6/16/17

Lessons From: John F. Kennedy

How absensce can make you beloved



We've already covered how you can sometimes end with all of the credit for an idea with Charles Darwin, but what about making the world's perspective on you better than it should? John F. Kennedy is known as one of the most beloved presidents the United States has ever had, but was he really that good, compared to somebody like Richard Nixon, for example? Hell, they had one of the most interesting electoral campaigns in history, very intellectually charged, and both of these presidents were pretty defining for a new generation post WWII. 

JFK had a couple of rough bumps in the road. The most famous are, of course, the Bay of Pigs invasion, in which an army of Cuban refugees worked with the C.I.A. to attempt a coup in Cuba, which miserably failed, and the Cuban Missile Crisis, in which the world was brought to believe in mutually assured destruction as an imminent threat for the first time. This, fortunately, was a success in the sense that nuclear bombs weren't detonated on either side, but seen as a defeat for the loss of strategic warhead placement in Turkey, right in the Soviet Union's front yard. 



People tend to forget smaller failures like his meeting with Nikita Khrushchev, Stalin's successor, which has been called by some the worst day of his life (sans getting his head blown off taken into consideration I assume), in which he was seen as weak by the soviet dictator and in fact probably led to the eventual threat of nuclear war. It was after their meeting in Vienna, in fact, when the Berlin Wall's construction began. 

He did have a few successes, of course. Keeping a cool head and preventing total annihilation is an achievement, but the threat itself was partially caused by him. He also created the Peace Corps and paved the way for the Civil Rights movement, which was finally brought to fruition by his successor Lyndon B. Johnson. 

Compare that to Nixon, then, who is one of the most disliked presidents in history, next to Buchanan, most of all because of the Watergate scandal in which it was found that Nixon's administration had been abusing power and had been recording many conversations which were promptly given to investigators and lead to the impeachment process and his resignation. 

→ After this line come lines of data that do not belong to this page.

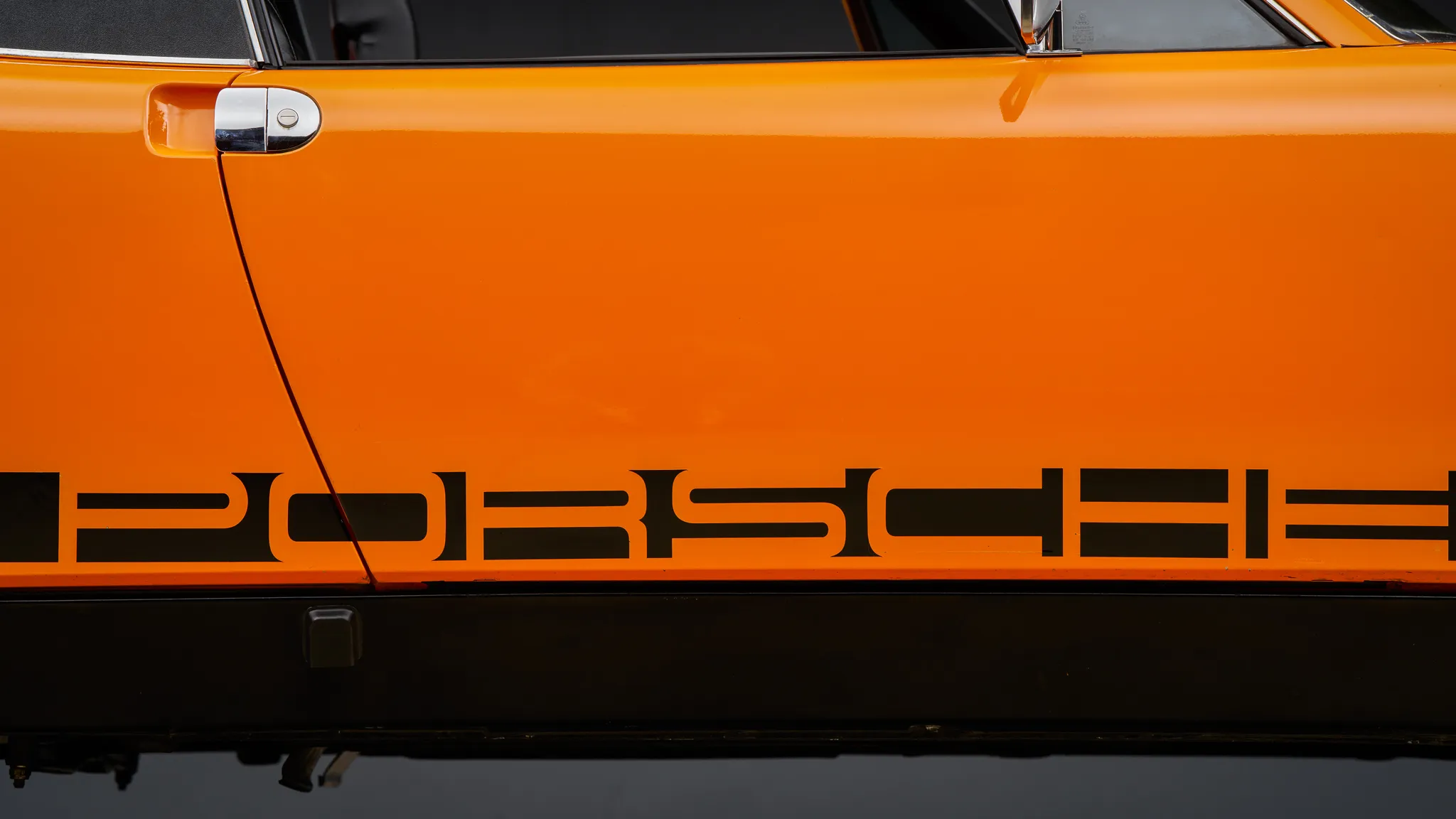 1976 Porsche 914 2.0 in Nepal Orange
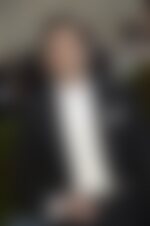 Adrien Brody con el tuxedo que requería la ocasión, imagen de sustitución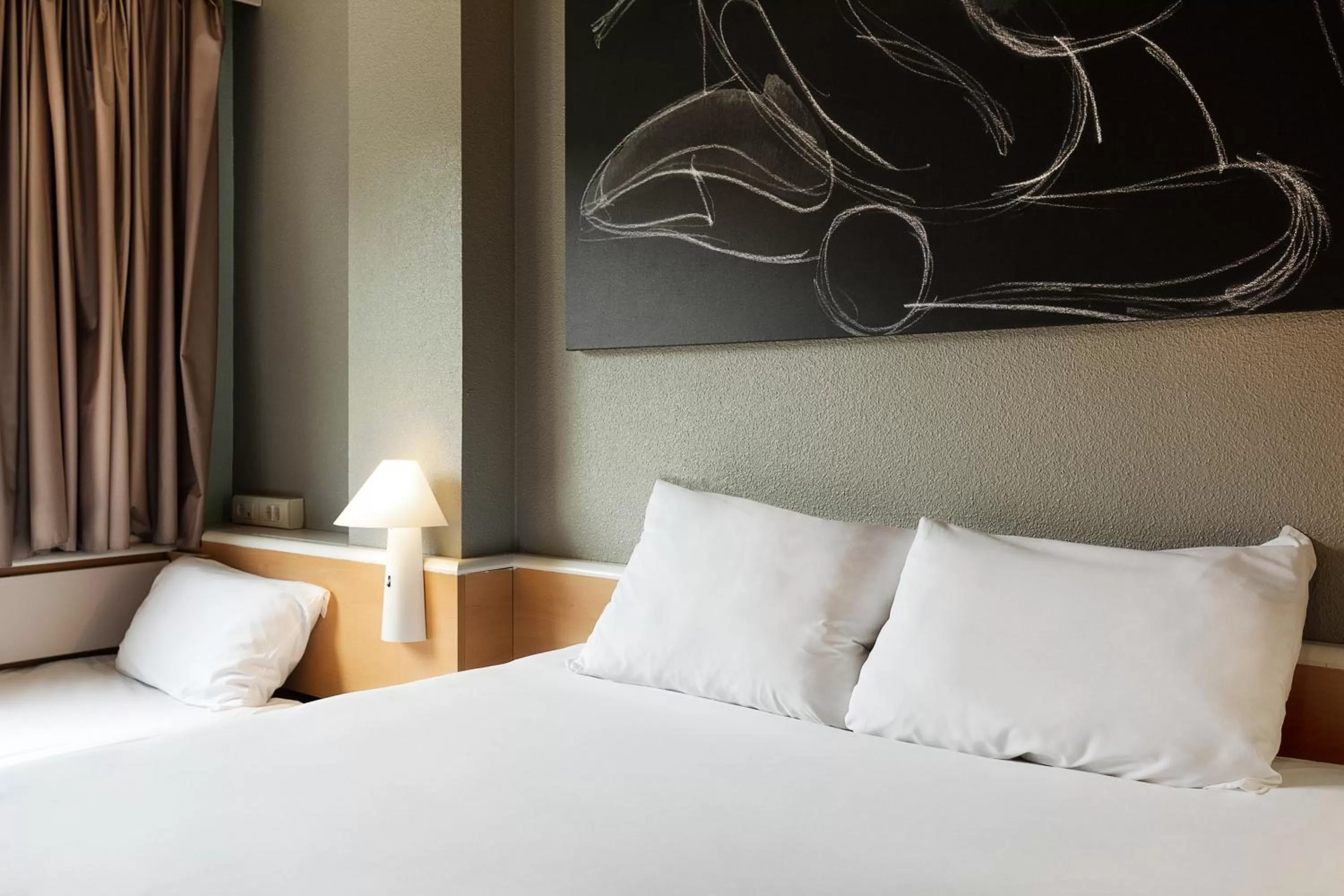 Bed in Ibis Salamanca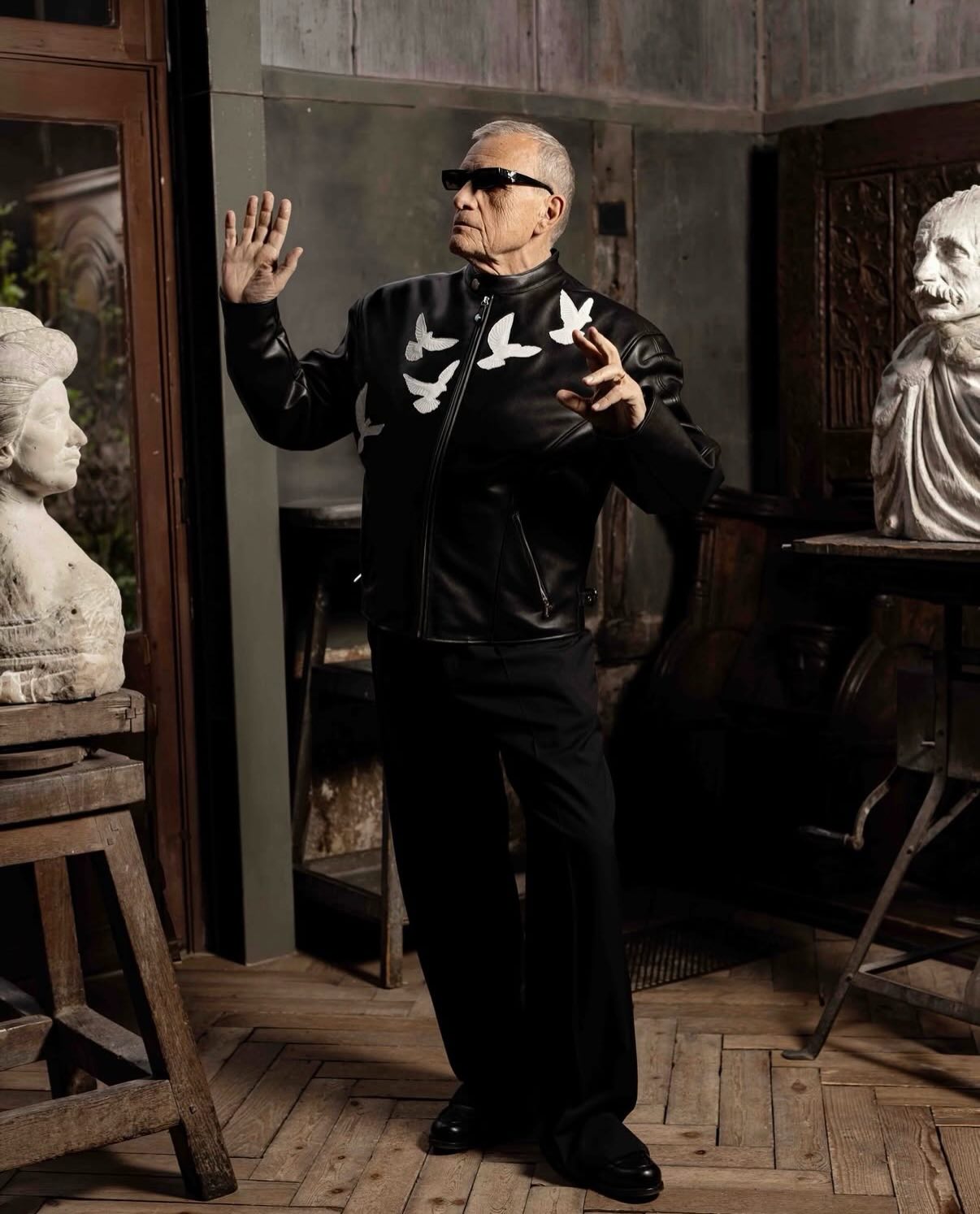 Jean-Charles de Castelbajac for @3paradis at Musée Bourdelle

Photography: @ismael.nebchi 
Styling: @eleonorecs 
Creative director: @emerictchatchoua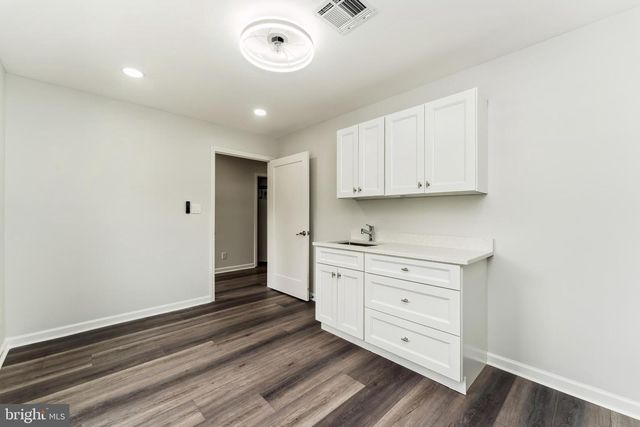 1144 WALKER RD #UNIT F, Great Falls, VA 22066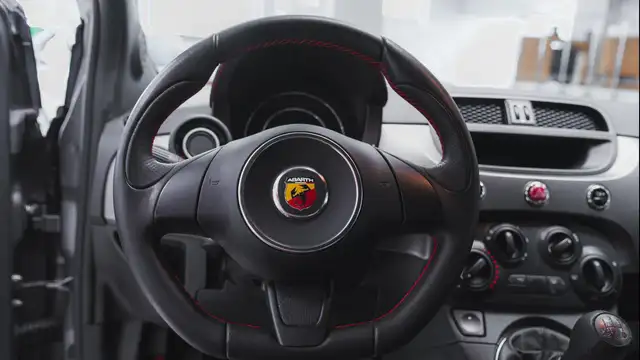 Abarth 695 view 8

Thus, it's no surprise that people overlook his reforms in welfare, civil rights, energy, and environmental policy, established the EPA, fought against sexual discrimination, lowered the voting age to 18, lowered the amount of troops in Vietnam and used the dividends to finance social welfare, made sure that Southern schools had thorough desegregation, and when it came to foreign policy, he was deemed to be a master of it, having even engaged the Soviet Union and the People's Republic of China, the latter which opened its markets to the rest of the world as a result. You wouldn't drink a glass of clean water with one drop of shit, after all. 

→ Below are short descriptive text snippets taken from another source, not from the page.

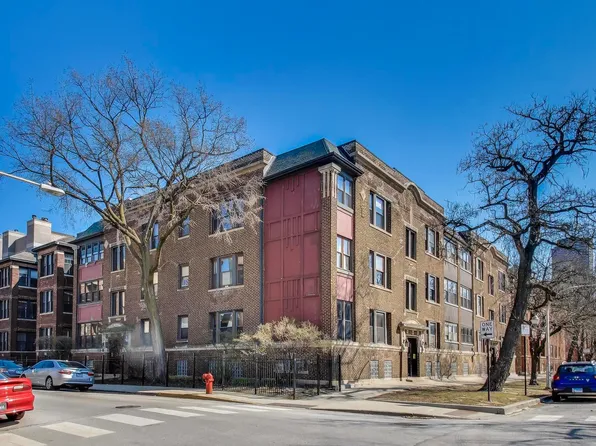 918 W Waveland Ave #2E, Chicago, IL 60613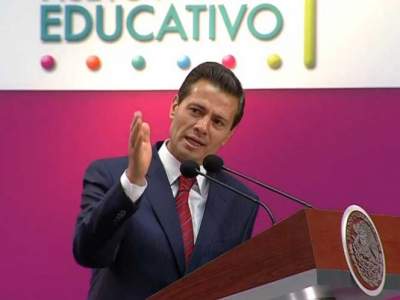 Peña Nieto llama a mexicanos a impulsar la ‘revolución educativa’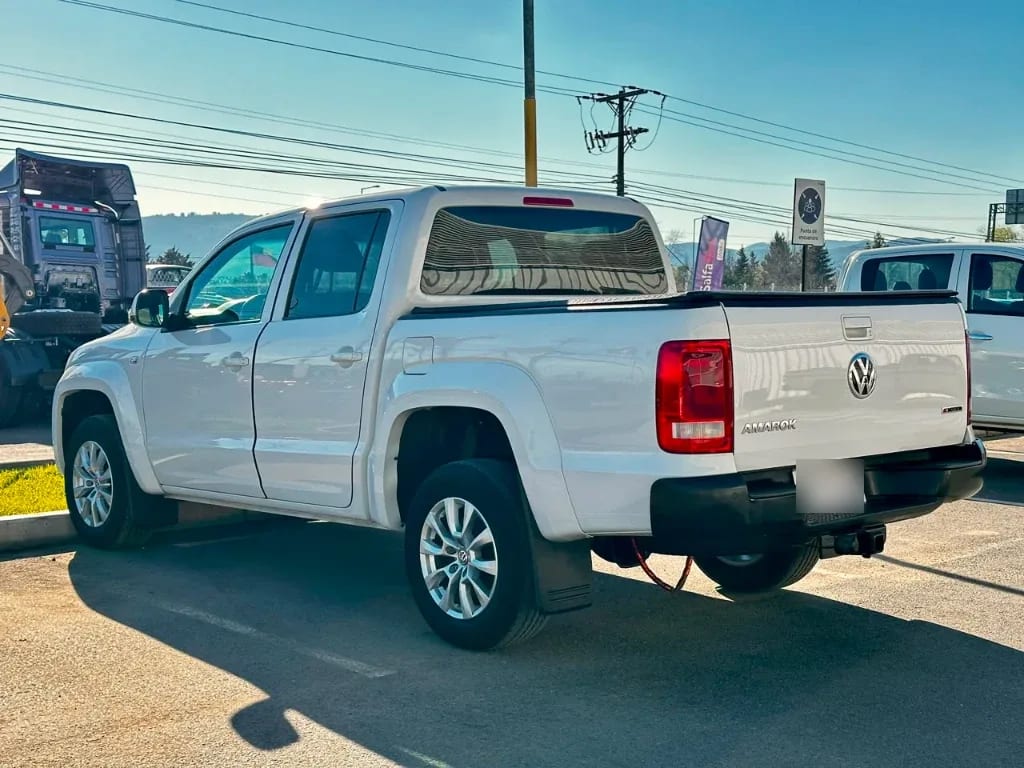 Volkswagen Amarok Amarok 4x4 Comfortline D/c 2.0 D At año 2023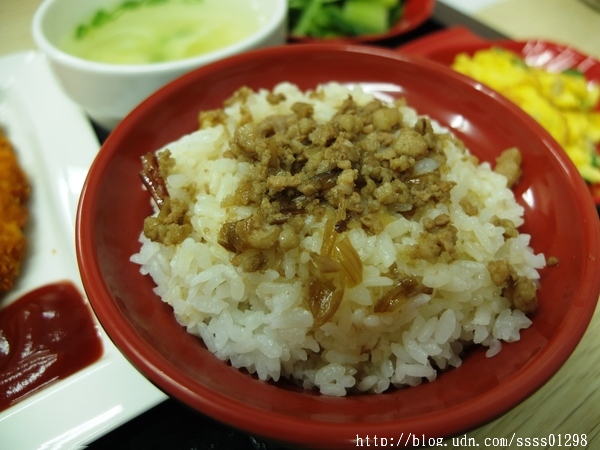 【愛評口碑券】汎芝家-異國料理簡餐。幸福手作料理 平價簡餐份量十足 符合學生族群的用餐需求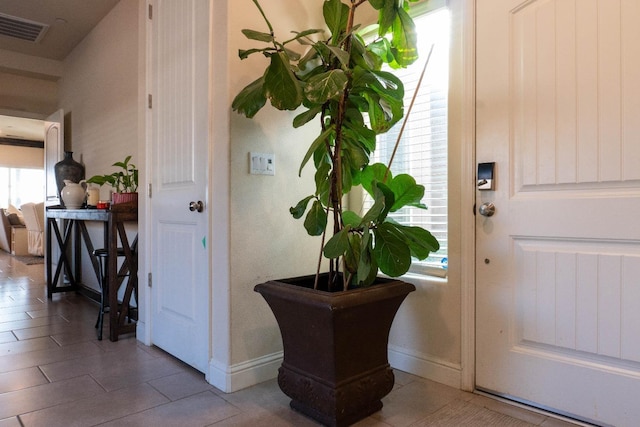 view of foyer entrance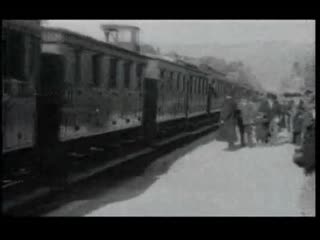 l arriv e d un train la ciotat (1895) the arrival of the train at the station of la ciotat  dir. auguste lumiere, louis lumiere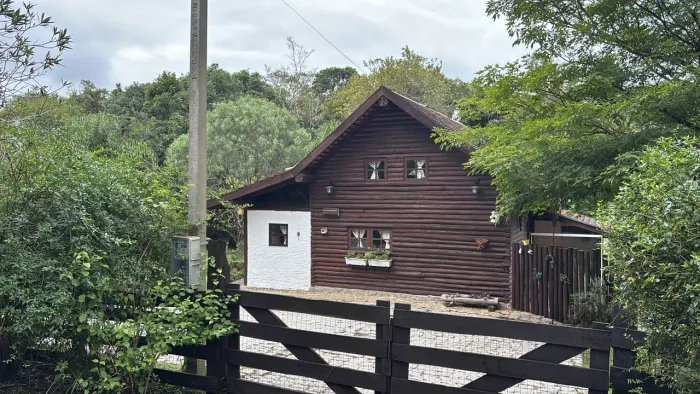 Chalé charmoso em condomínio fechado próximo Br277 borda do campo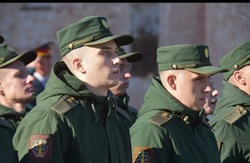 В Знаменске наградили солдат-срочников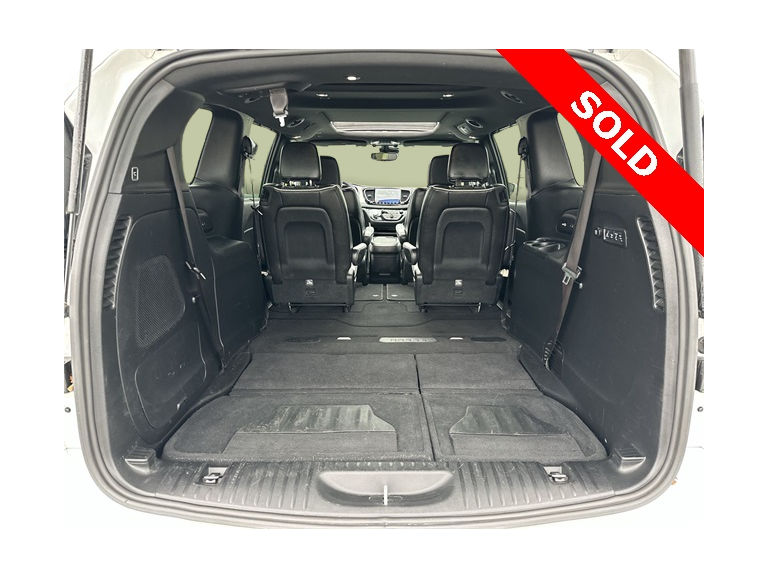 Thumbnail: 2021 Chrysler Pacifica - 31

What can we learn from this?

In a way, this speaks about the effectiveness of martyrism as a way to erase your past mistakes and redeem yourself. It's very clear that his charisma helped people remember him in a better light, as well, after all, the American public could even forgive his affairs and everything because he was a charmer and it was expected. 



Of the 48 Laws of Power he inadvertently used 16: Use absence to increase respect and honor. Had he died early, he probably would've been forgotten or at least not so revered by everyone, and had he died after his presidency, the impact would've been much smaller, after all, there is a whole world of speculation and conspiracy theories you can create when a president dies. Learn when the right time to disappear is, and you can wash your hands clean of your own mistakes as well.